Enbridge aims to ship 300,000 barrels a day of crude from Western Canada to refineries in Quebec by reversing the flow direction of the pipeline, a move aimed at giving the refiners access to more affordable domestic supplies.
Following a reversal of the line in the late 1990s, the plants, run by Suncor Energy Inc. and Valero Energy Corp., are now mostly captive to pricier imported oil.
However, growing public concern over pipeline safety following such incidents as Enbridge’s devastating Line 6B rupture in Michigan in 2010, which spilled more than 20,000 barrels of oil into the Kalamazoo River system, has stoked vocal opposition.
The board will now take 12 weeks to weigh evidence before making a decision on whether to approve the reversal.
During the hearing, intervenors, including green groups, First Nations, landowner associations and the Ontario Ministry of Energy, questioned the financial forecasts tied to the proposal, demanded more intensified high-pressure testing of the pipeline and urged the NEB to require Enbridge have at least $1-billion (U.S.) of insurance.
“The NEB has heard loud and clear that there’s more work that needs to be done before they can make a decision on this project, and we hope they’ll listen,” said Gillian McEachern, campaigns director for Environmental Defence, one of the opponents. One of the problems, she said, is the lack of an environmental assessment for the project, especially for a three-decade-old pipeline.
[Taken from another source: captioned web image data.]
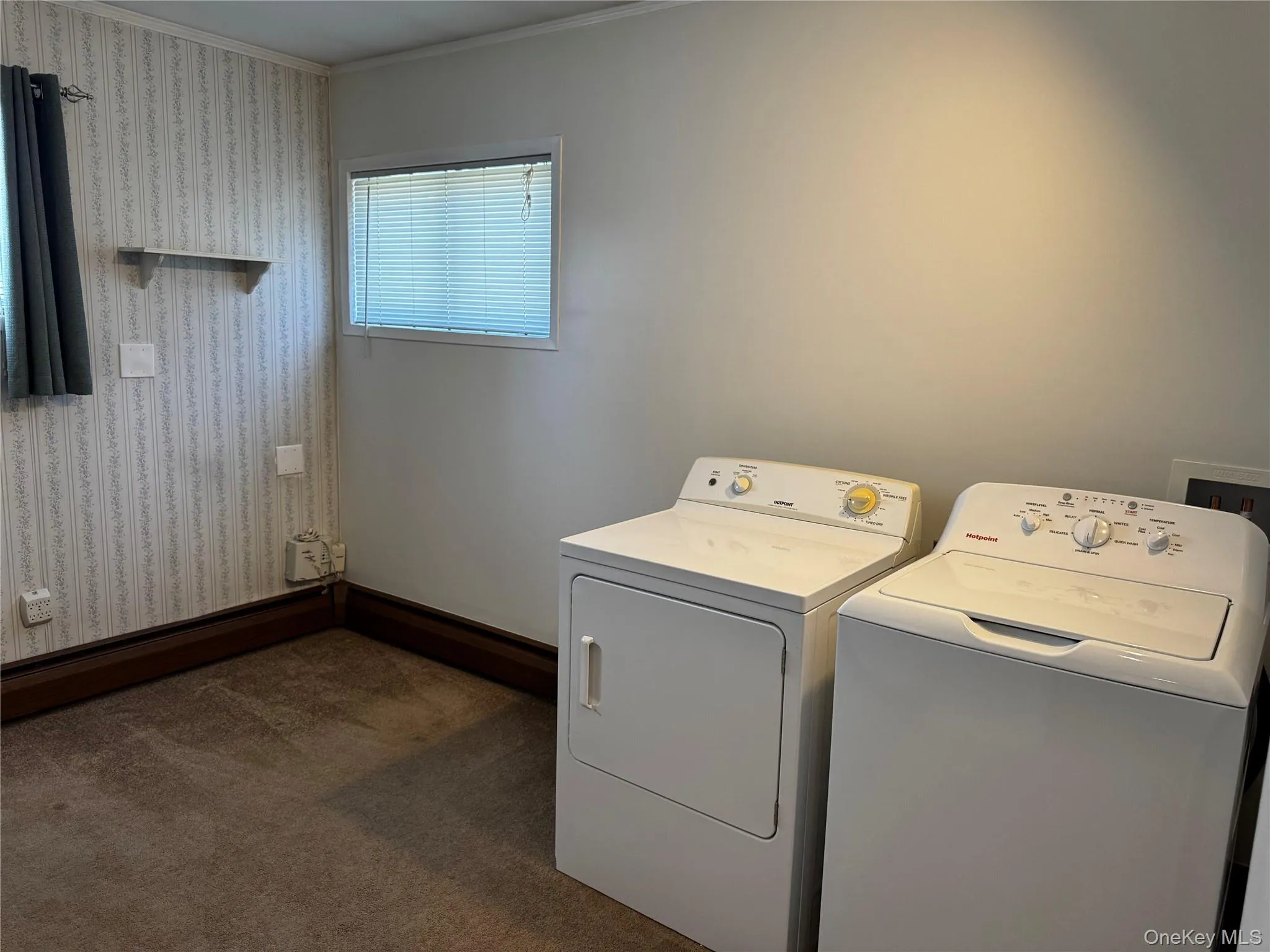 Washroom featuring ornamental molding, dark carpet, and washing machine and clothes dryer Washroom featuring ornamental molding, dark carpet, and washing machine and clothes dryer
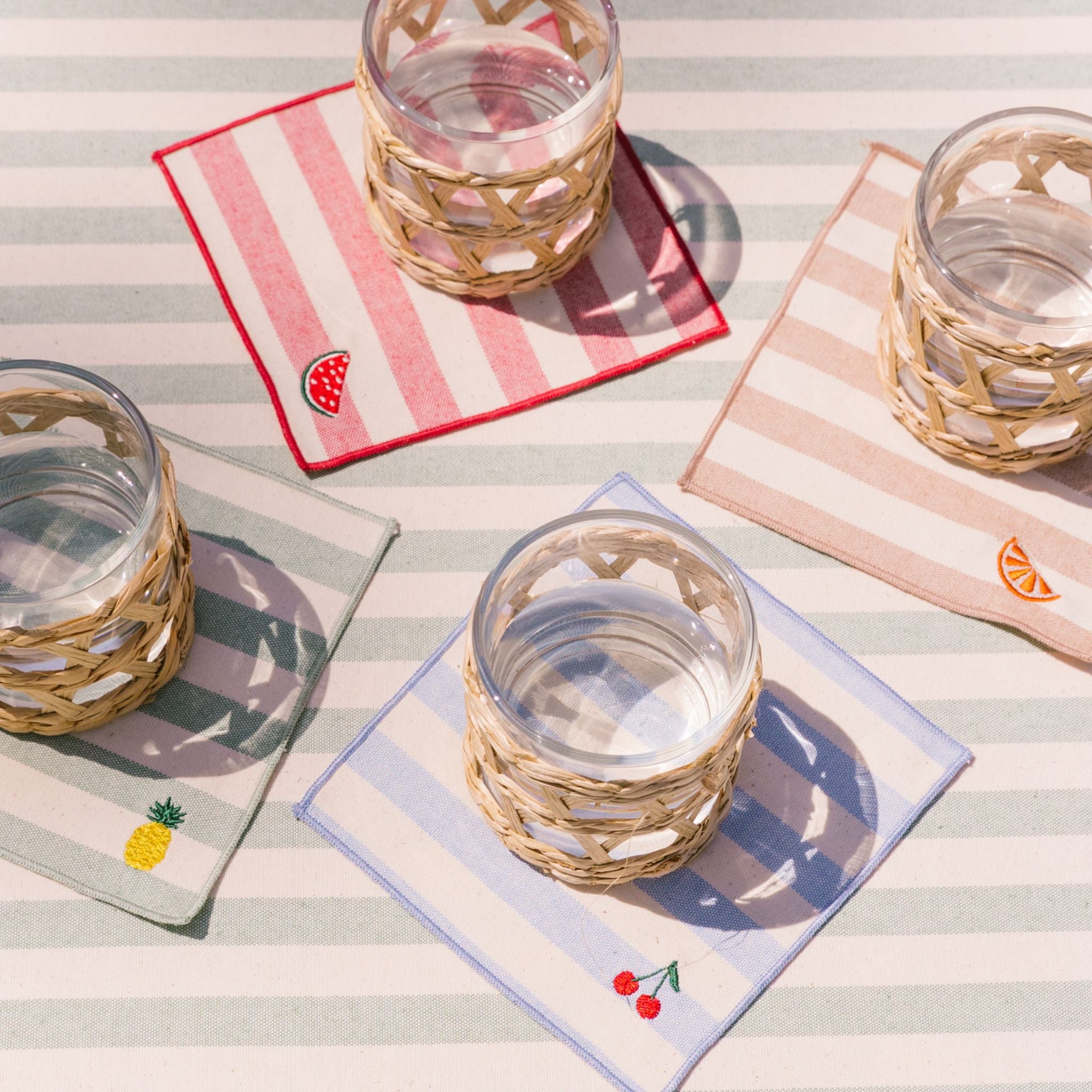 Wicker glasses on striped coasters with fruit designs on a table.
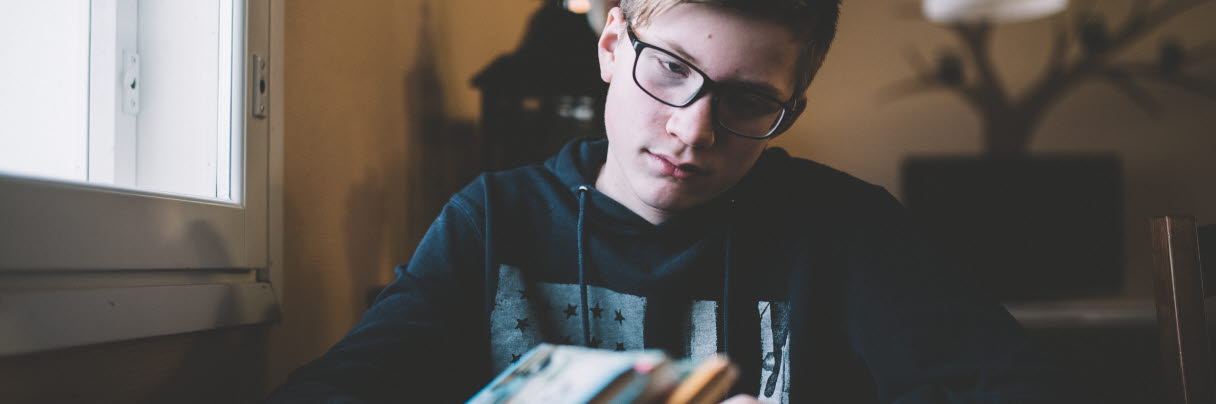 En pojke med glasögon och hoodie sitter och tittar på några böcker. 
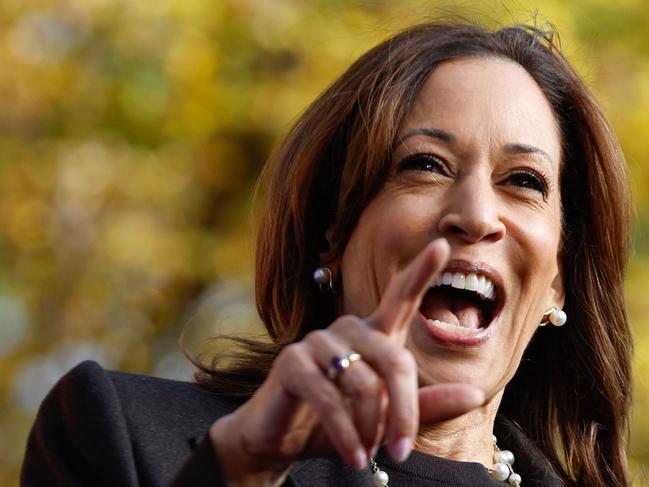 TOPSHOT - US Vice President and Democratic presidential candidate Kamala Harris speaks during a campaign rally at Riverside Park in Grand Rapids, Michigan, October 18, 2024. (Photo by KAMIL KRZACZYNSKI / AFP)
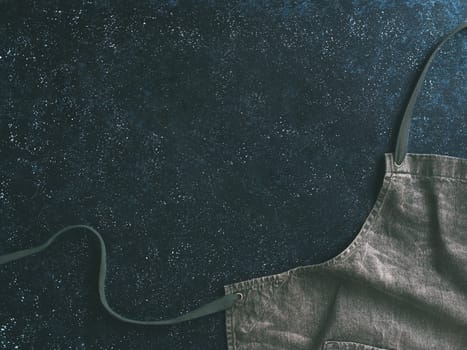 Cooking and kitchen background - trendy denim cotton apron on dark background with copy space. Gray kitchen apron on dark table as kitchen background with space for text. Top view or flat-lay.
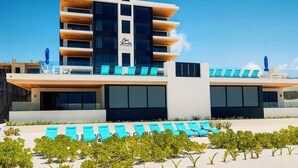 A modern hotel with a multi-story structure, a pool area with blue lounge chairs, and a clear blue sky.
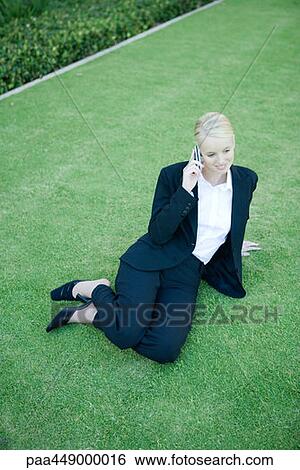 Businesswoman sitting on grass, using cell phone, high angle view View Large Photo Image Stock Photograph - Businesswoman sitting on grass, using cell phone, high angle view. Fotosearch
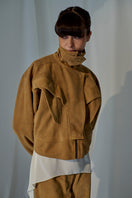 Lorena Saravia Julia suede jacket in soft beige with a tailored fit and classic collar, displayed on a hanger.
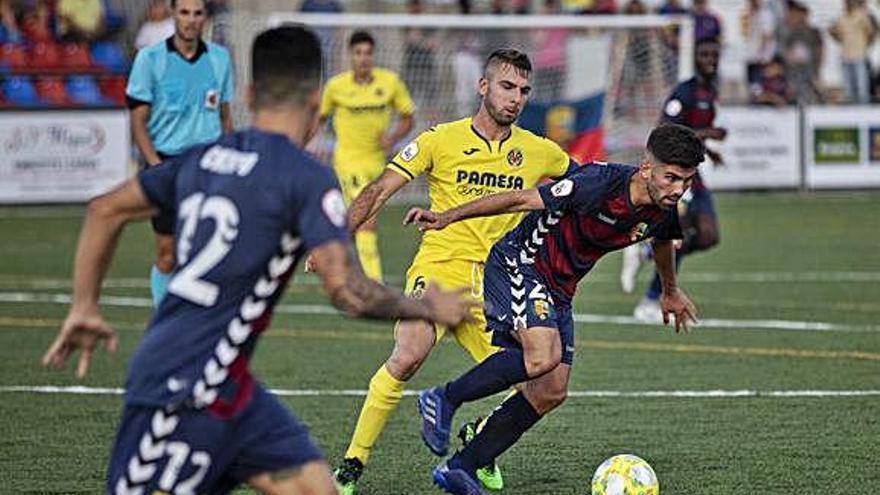 Una acció del Llagostera-Vila-real B de la passada jornada.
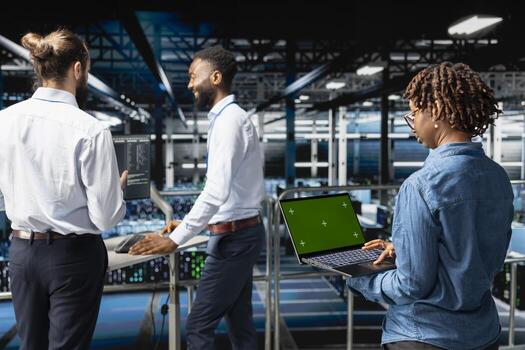 africano americano hembra supervisor revisando verde pantalla en computadora portátil, actualización servidor bastidores infraestructura. eso ingeniero utilizando Bosquejo en servidor cubo espacio de trabajo lleno con redes tecnología foto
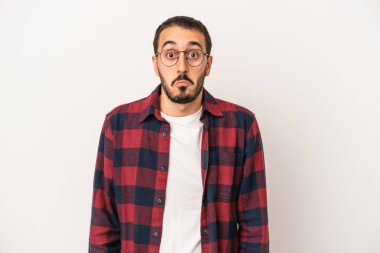 Beyaz arka planda izole edilmiş genç beyaz bir adam omuz silkiyor ve gözleri açık..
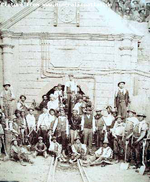 A historic b/w photo depicting miners in front of a mine entrance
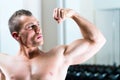 Bodybuilder posing in Gym Royalty Free Stock Photo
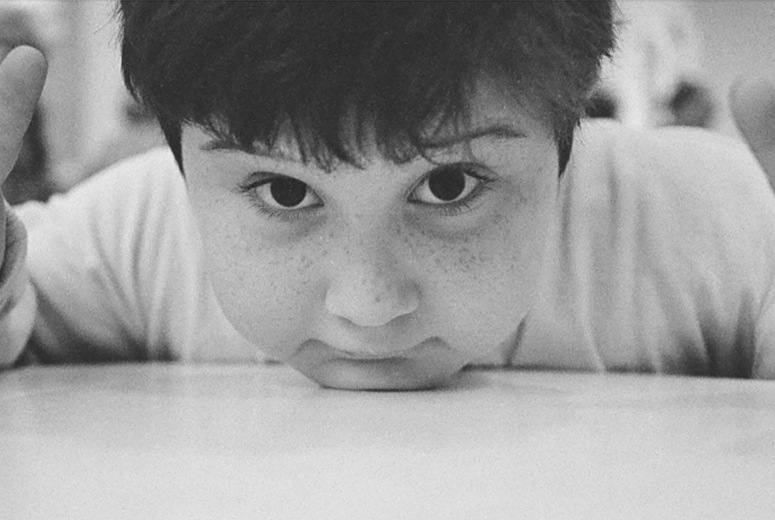 Black and White photo of a child resting their chin on a table looking directly into the camera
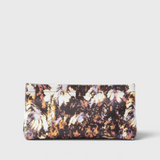 JONES + CO small envelope clutch with a dark watercolor abstract floral print and a secure hinge closure.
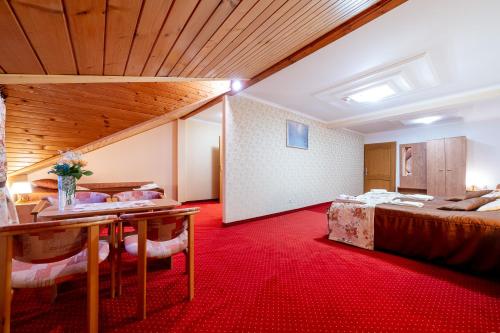 a hotel room with a bed and a table at Piastun SPA&Wellness Krynica-Zdrój in Krynica Zdrój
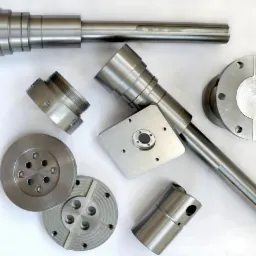 Zestaw precyzyjnie obrobionych, metalowych elementów o różnym kształcie, w tym wały, tarcze i tuleje, leżących obok suwmiarki na jasnym tle.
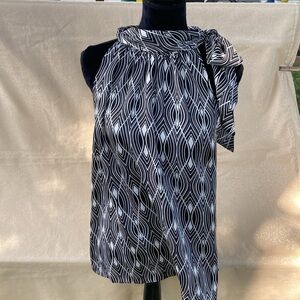 Ann Taylor LOFT open arm shirt.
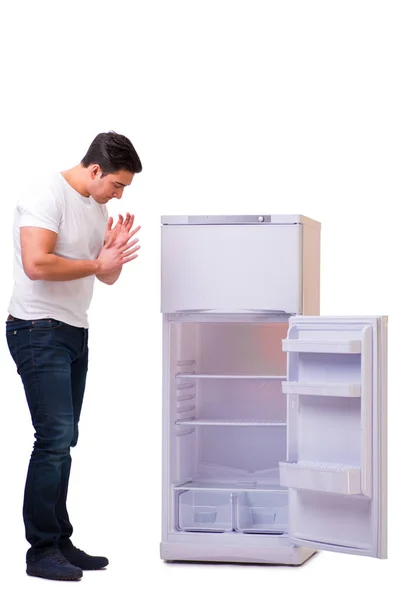 Man looking for food in empty fridge — Stock Photo, Image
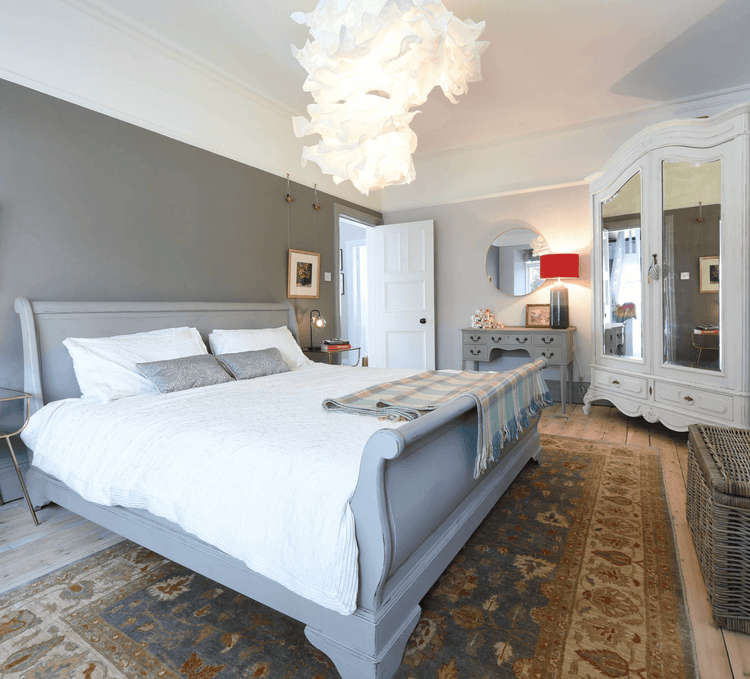 Neutral bedroom rug beside a large bed in a bright master bedroom with classic furniture
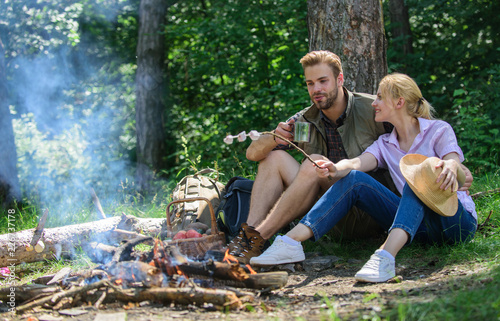 Hike picnic. Couple take break to eat nature background. Couple in love camping forest hike. Couple sit near bonfire eat snacks and drink. Hike snacks and beverages. Food for hike and camping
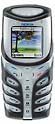 Nokia 5100 mobile phone, front view, showing silver and dark gray exterior with small screen display and numeric keypad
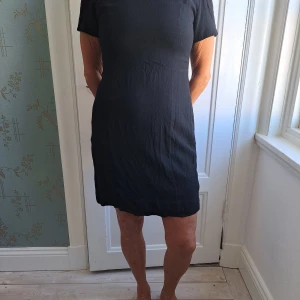 Svart kort klänning Mary Kay - En svart, enkel och klassisk kort klänning från Mary Kay by Brookhurst. Klänningen har korta ärmar, rund halsringning och rak passform. Tillverkad i ett mjukt tyg som ger en stilren look. Perfekt för dig som gillar minimalistisk stil.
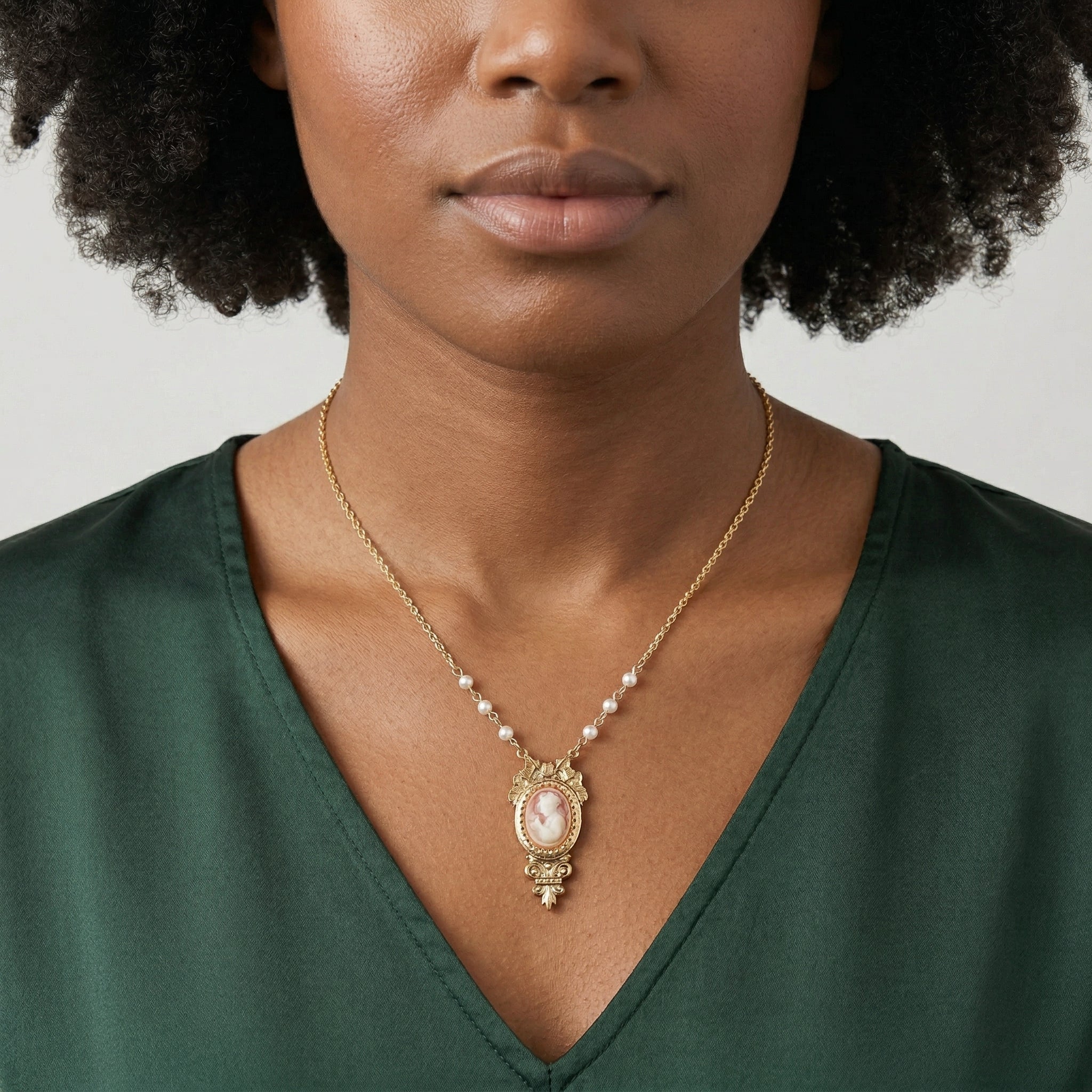 Victorian Reflections Carnelian & Ivory Cameo Faux Pearl Accent Necklace worn by a woman with a green outfit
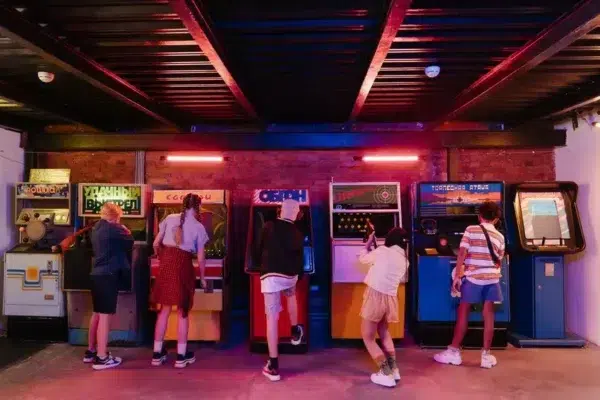 Children playing arcade games in a fun indoor entertainment center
In its final submission, Enbridge argued that repeat high-pressure testing on the line before start-up should be rejected in favour of in-line inspection tools. In regard to insurance, it pointed out that the recent throne speech included the federal government’s intention to increase required liability insurance for pipeline companies.
Leon Zupan, chief operating officer for Enbridge’s liquids pipelines division, said his company’s projects have become a major part of the overall debate over development of the oil sands.
Mr. Zupan stressed Enbridge has made strides since the Michigan spill to seek out and employ the most advanced inspection, pipeline integrity and emergency response technology.
That includes a program now under way to dig up sections of Line 9, a pipeline first built during the oil-embargo era of the 1970s to ensure Quebec had access to domestic supply.
“The way we’ve approached internal inspection technology is we want the most reliable technology available so that we don’t have a bunch of surprises, and we know that the tools that we’ve run have very high levels of reliability,” Mr. Zupan said. “As a result we haven’t seen any issues associated with the line that haven’t already been confirmed with the (in-line inspection) technology that we’ve run.”